The present study explored an integrative prognostic score of OPS (based on CRP, ALB and TLC) to predict clinical outcomes and prognosis in ESCC after radical resection. Recently, a series of studies have revealed that nomogram is a better method to predict prognosis in various cancers [30, 31]. In the current study, our nomogram based on OPS containing three variables (OPS, TNM and SII) showed a better discrimination than the TNM staging system. The simply and easily obtained variables in nomogram, improves the application in clinical practice, allowing oncologists to use these nomogram to predict individual survival prediction in daily work. However, the prognostic value of OPS should be confirmed in more and more other cancers.

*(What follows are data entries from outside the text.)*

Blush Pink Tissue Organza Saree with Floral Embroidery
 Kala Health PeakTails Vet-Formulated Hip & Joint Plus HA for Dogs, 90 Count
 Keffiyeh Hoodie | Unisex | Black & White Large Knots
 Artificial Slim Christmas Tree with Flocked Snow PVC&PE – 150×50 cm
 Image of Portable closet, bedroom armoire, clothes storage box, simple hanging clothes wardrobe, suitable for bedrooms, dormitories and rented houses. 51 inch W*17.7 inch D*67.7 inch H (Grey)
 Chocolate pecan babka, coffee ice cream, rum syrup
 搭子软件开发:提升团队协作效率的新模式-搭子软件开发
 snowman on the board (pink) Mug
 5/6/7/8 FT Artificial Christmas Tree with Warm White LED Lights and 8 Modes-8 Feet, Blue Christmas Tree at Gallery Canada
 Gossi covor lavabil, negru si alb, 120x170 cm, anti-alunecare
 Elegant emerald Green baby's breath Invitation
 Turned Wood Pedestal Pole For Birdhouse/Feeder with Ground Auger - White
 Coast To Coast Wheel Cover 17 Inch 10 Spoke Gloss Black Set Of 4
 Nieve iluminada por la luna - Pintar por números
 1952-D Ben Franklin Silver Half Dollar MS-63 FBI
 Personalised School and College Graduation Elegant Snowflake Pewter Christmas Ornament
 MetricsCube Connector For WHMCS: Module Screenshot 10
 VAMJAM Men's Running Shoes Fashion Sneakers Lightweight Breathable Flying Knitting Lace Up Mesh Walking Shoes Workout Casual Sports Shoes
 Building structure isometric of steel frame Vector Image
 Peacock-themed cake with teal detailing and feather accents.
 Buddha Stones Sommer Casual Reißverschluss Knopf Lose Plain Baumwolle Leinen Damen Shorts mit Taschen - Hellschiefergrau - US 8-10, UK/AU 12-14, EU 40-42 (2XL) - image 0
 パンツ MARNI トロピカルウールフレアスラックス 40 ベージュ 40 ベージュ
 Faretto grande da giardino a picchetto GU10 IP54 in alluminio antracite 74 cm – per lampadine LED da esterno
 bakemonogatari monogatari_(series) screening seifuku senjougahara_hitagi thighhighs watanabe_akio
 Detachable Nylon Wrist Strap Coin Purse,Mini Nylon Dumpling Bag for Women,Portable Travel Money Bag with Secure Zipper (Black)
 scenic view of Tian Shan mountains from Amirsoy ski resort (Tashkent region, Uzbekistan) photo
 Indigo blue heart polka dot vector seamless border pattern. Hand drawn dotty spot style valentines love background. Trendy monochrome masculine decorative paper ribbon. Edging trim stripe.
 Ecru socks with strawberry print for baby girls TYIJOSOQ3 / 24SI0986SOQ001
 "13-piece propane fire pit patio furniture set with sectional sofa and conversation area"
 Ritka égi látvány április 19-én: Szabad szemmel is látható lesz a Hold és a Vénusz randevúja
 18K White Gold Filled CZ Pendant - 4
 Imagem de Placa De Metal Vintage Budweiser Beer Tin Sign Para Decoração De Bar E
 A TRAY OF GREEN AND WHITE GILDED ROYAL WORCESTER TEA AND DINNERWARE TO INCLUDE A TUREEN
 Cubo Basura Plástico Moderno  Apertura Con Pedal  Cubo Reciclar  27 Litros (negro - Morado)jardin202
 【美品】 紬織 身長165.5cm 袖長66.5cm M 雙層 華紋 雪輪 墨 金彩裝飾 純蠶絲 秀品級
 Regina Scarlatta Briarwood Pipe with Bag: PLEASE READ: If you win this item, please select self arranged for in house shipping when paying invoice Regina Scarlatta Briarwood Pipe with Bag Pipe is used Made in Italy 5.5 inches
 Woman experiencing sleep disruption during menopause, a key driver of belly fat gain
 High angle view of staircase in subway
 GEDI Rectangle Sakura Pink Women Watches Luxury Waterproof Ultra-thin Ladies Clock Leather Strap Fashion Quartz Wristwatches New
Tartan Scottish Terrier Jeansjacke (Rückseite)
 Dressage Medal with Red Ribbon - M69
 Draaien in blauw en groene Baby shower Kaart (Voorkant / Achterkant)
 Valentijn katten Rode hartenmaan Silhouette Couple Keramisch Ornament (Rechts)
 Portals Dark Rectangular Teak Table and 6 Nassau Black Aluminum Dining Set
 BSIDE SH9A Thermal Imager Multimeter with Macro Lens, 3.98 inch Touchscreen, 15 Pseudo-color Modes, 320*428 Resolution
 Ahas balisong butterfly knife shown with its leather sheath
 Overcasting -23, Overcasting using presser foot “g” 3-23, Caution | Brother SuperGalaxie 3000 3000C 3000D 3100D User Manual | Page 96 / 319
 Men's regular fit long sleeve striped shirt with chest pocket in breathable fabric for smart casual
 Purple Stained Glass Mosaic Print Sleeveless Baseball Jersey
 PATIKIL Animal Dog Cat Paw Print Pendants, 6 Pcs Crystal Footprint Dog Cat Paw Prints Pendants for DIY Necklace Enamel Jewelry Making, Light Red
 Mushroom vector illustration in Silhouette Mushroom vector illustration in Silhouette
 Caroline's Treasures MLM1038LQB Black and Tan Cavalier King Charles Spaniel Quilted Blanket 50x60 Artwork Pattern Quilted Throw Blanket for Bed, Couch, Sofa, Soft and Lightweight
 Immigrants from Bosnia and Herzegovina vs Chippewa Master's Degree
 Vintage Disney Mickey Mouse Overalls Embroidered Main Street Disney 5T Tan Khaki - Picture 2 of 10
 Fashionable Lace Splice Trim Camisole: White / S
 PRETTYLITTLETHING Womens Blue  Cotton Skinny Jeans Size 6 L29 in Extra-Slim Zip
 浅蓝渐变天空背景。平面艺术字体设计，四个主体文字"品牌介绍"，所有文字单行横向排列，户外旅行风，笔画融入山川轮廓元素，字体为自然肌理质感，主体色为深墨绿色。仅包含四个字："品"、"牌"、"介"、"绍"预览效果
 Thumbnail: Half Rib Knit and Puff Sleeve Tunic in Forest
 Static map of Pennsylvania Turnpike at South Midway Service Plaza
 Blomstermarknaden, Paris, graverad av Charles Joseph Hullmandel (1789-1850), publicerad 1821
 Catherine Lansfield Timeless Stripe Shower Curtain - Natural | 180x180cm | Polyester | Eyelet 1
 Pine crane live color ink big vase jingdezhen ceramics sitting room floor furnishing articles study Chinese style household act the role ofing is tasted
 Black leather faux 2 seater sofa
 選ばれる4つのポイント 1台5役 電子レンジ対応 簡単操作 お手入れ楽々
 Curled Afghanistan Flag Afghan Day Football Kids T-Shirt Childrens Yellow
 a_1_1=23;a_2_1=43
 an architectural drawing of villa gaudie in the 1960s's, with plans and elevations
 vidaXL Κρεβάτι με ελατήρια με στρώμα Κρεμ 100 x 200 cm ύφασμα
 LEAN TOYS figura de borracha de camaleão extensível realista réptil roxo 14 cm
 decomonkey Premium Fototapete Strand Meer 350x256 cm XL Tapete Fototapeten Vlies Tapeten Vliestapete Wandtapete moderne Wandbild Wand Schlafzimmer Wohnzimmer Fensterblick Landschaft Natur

There are some limitations in the current study. First, this was a retrospective study. Second, this was a single-center study. Third, although the strict inclusion and exclusion criteria were adopted, levels of these serum variables may be affected by other conditions, therefore, the applications of OPS should be regard with caution. Forth, in order to better understand the prognostic value of OPS in patients with ESCC, we used two cohorts to verify the results. Although the prognostic value was validated, there was still a lack of additional independent external validation cohort. Therefore, the results of OPS may be correlated to certain bias and inaccuracy. Fifth, the prognostic value of OPS should be validated and confirmed in other more cancers. Sixth, endoscopic surgery (ES) and/or minimally invasive surgery (MIS) have become standard surgical methods for patients with EC in recent years. Compared with traditional surgical techniques, ES or MIS has a variety of advantages, such as decreased postoperative complications, shorter hospital stay and rapid recovery and discharge [32, 33]. The nutritional and immunological status for patients with ES or MIS has a lesser influence on the occurrence of postoperative complications. Accordingly, we should realize that the significance of OPS is likely to be reduced by the development of ES or MIS. Although the limitations existed, our developed OPS-based nomogram can accurately and effectively predict survival in ESCC after radical resection.

Conclusion

The OPS is a novel, simple and effective index for prognosis in ESCC after radical resection. The nomogram based on OPS can accurately and effectively predict individual survival in ESCC after radical resection. The simply and easily obtained feature of OPS, improves the application in daily clinical practice. The OPS may allow for treatment stratification, thereby helping clinicians provide a more personalized approach to cancer treatment.